A Look Back: The Disappearance of Atlanta's Pools
To understand Atlanta's current aquatic shortfall, we need to examine its past. Hannah Palmer, in her book and art installation Ghost Pools: A brief history of swimming in Atlanta and across America, uncovered a forgotten legacy. Atlanta was once known as "the swimmingest city in the country," boasting numerous public pools that were thoroughly enjoyed by its residents.
However, this legacy unraveled starting in the 1950s. Palmer's research reveals that as pools began to desegregate, many white swimmers abandoned them. This shift led to a decline in the city's commitment, a drying up of funding, and the eventual closure or disrepair of public pools, leaving many neighborhoods with what can now be called "aquatic deserts."
This historical context has a measurable impact today, especially when it comes to swimming proficiency among different racial groups. National studies show significant disparities: 64% of Black children, 45% of Hispanic/Latino children, and 40% of White children have low to no swimming skills. These statistics highlight a critical safety concern, placing these groups at a much higher risk of drowning. Palmer's "Ghost Pools" installations, which use light and sound to create mock pools where real ones once stood, serve as stark reminders of this lost public infrastructure.
Ghost Pools. Commissioned by Flux Projects with the City of East Point Julie Yarbrough Photography
The Current Landscape and a Proposed Solution
This history casts a long shadow. The aquatic deficit has left Atlanta Public Schools (APS) and the City of Atlanta falling short in adequately meeting community aquatic needs. Opportunities for water safety education and team swimming are glaringly absent in many of Atlanta's densest urban areas. Critically, no public summer swim teams operate near the Atlanta Beltline, one of the state’s most densely populated and fastest-growing urban corridors.

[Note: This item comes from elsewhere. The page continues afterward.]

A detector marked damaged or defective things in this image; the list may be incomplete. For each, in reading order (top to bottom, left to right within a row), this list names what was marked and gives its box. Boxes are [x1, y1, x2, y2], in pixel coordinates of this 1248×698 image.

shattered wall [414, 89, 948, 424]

Map of Atlanta’s public swim teams
An ideal solution involves the City of Atlanta's Department of Parks and Recreation (DPR) collaborating with Atlanta Public Schools (APS) to establish a summer swim team league. Both organizations share a commitment to equity and community well-being. DPR's "Activate ATL" plan, adopted in December 2021, aims to improve infrastructure and expand offerings, with a focus on addressing disparities in "historically underserved parks." Similarly, APS Athletics emphasizes equity and inclusivity, striving to ensure all students have equal access to sports opportunities. This shared vision provides a strong foundation for a collaborative effort.
For a neighborhood swim team, an 8-lane, 25-yard pool is the optimal facility. This size is the official standard for high school and summer league competitions in the U.S., allowing for official meets. Eight lanes, rather than the minimum of six, enable more efficient competitions and better management of practice groups for various ages and skill levels. For safety, the pool should have a minimum depth of four feet at the starting end, though six to seven feet is highly recommended for modern facilities to ensure safety during racing dives. To maximize utility, an "L-shape" design with an attached shallow area provides a dedicated, safe space for younger swimmers and community lessons, making the facility valuable for both competitive training and recreational use.
Currently, most Atlanta High Schools have access to a district pool large enough for a swim team, with the notable exception of Midtown High School. For instance:
Carver: Pittman Park Pool
Douglass: Mozley Park Pool
Maynard Jackson: Grant Park Pool
Mays: CT Martin Pool
North Atlanta: Garden Hills Pool
South Atlanta: Rosel Fann Pool
Therrell: Adams Park Pool
Washington: Washington Park Natatorium
Midtown: The Midtown high school district currently lacks a city pool large enough for a swim team.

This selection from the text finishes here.